Presenilin endoproteolysis mediated by an aspartyl protease activity pharmacologically distinct from γ-secretase

Presenilin (PS)-dependent γ-secretase cleavage is the final proteolytic step in generating amyloid β protein (Aβ), a key peptide involved in the pathogenesis of Alzheimer's disease. PS undergoes endoproteolysis by an unidentified 'presenilinase' to generate the functional N-terminal and C-terminal fragment heterodimers (NTF/CTF) that may harbor the γ-secretase active site. To better understand the relationship between presenilinase and γ-secretase, we characterized the biochemical properties of presenilinase and compared them with those of γ-secretase. Similar to γ-secretase, presenilinase was most active at acidic pH 6.3. Aspartyl protease inhibitor pepstatin A blocked presenilinase activity with an IC₅₀ of ∼ 1 μM. Difluoroketone aspartyl protease transition state analogue MW167 was relatively selective for presenilinase (IC₅₀ < 1 μM) over γ-secretase (IC₅₀-16 μM). Importantly, removing the transition state mimicking moiety simultaneously abolished both presenilinase and γ-secretase inhibition, suggesting that presenilinase, like γ-secretase, is an aspartyl protease. Interestingly, several of the most potent γ-secretase inhibitors (IC₅₀ = 0.3 or 20 nM) failed to block presenilinase activity.

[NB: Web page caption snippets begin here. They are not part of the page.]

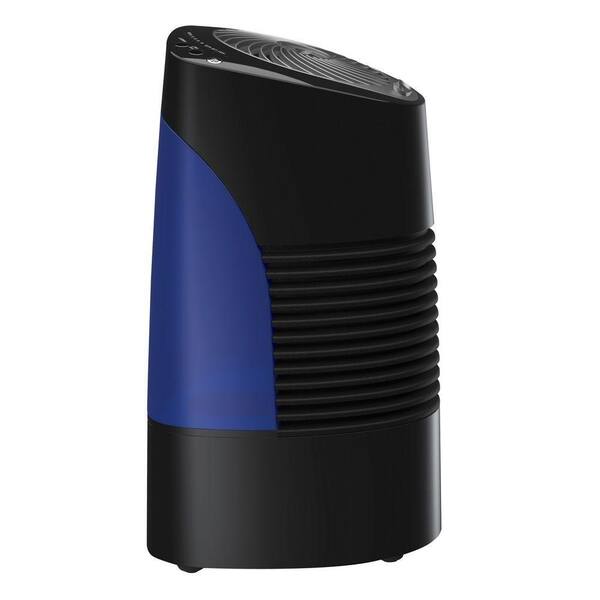 Vornado Ultra3 Whole Room Ultrasonic 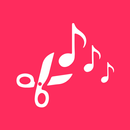 Song Editor - Musikschneider APK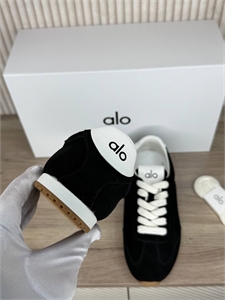 Кроссовки ALO 170642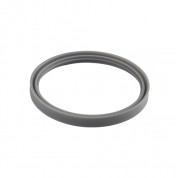 Rubber Gasket
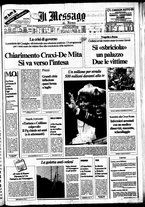 giornale/TO00188799/1986/n.201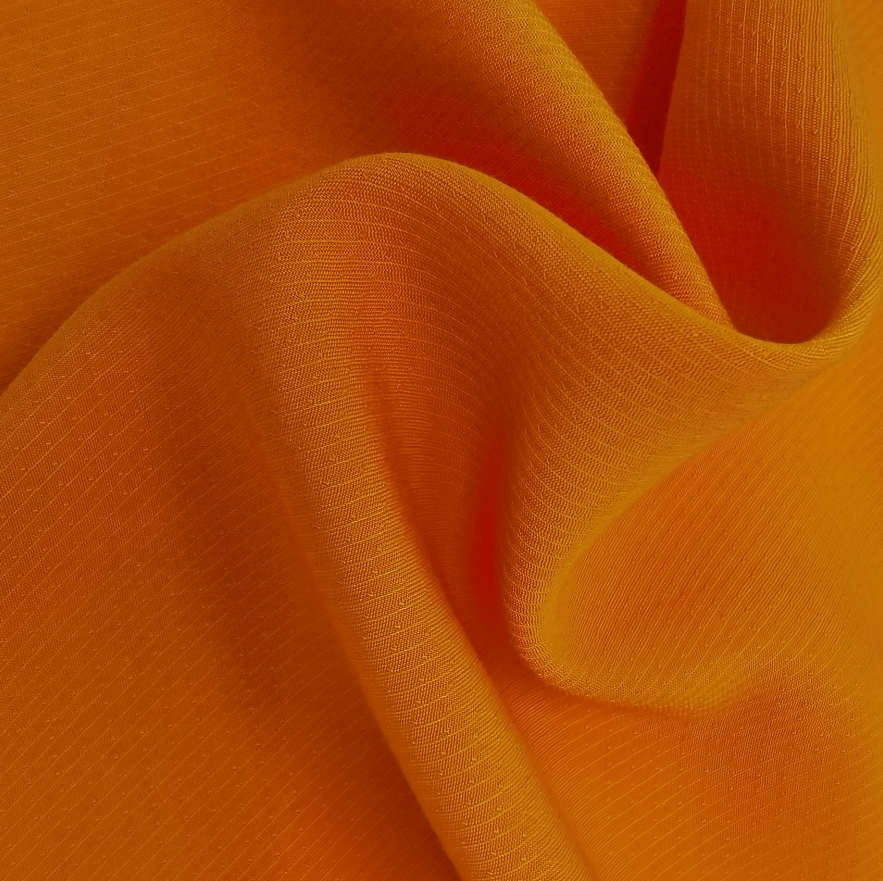 Хлопчатобумажная ткань, как полиэстер, вискоза, dobby dot twill, шифоновая вуаль, ткань popin для блузки, шарфа, платьев, топов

Although de novo generation of PS1 fragments coincided with production of Aβ in vitro, blocking presenilinase activity without reducing pre-existing fragment levels permitted normal de novo generation of Aβ and amyloid intracellular domain. Therefore, presenilinase has characteristics of an aspartyl protease, but this activity is distinct from γ-secretase.